Aim of the task: The answer must be an exact copy of the lines from the top of the listing below through the line with "Vestido rojo fiesta lazo", with no pictures.

Exercise data:

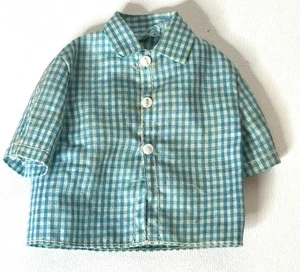 Camisa de manga corta a cuadros azul y blanco vintage para muñecas Ken talla 12" - Imagen 1 de 3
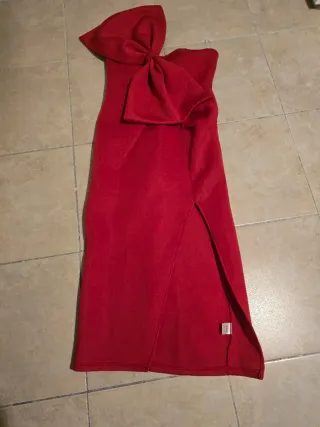Vestido rojo fiesta lazo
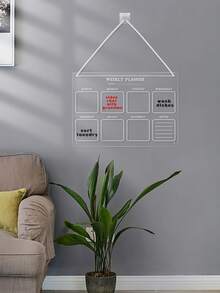 Pizarra de planificación diaria/mensual para pared sin taladro, acrílico transparente borrable, juego completo, 4 estilos: lista de verificación mensual con columna de recetas, planificador semanal estándar con área de notas, planificador semanal artístico minimalista, pizarra de notas sin cuadrícula en blanco (incluye 6 marcadores de pizarra blanca de colores), planificación de tareas diarias/mensuales para el hogar - Multicolor - Ver 9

Exercise response:
 Camisa de manga corta a cuadros azul y blanco vintage para muñecas Ken talla 12" - Imagen 1 de 3
Vestido rojo fiesta lazo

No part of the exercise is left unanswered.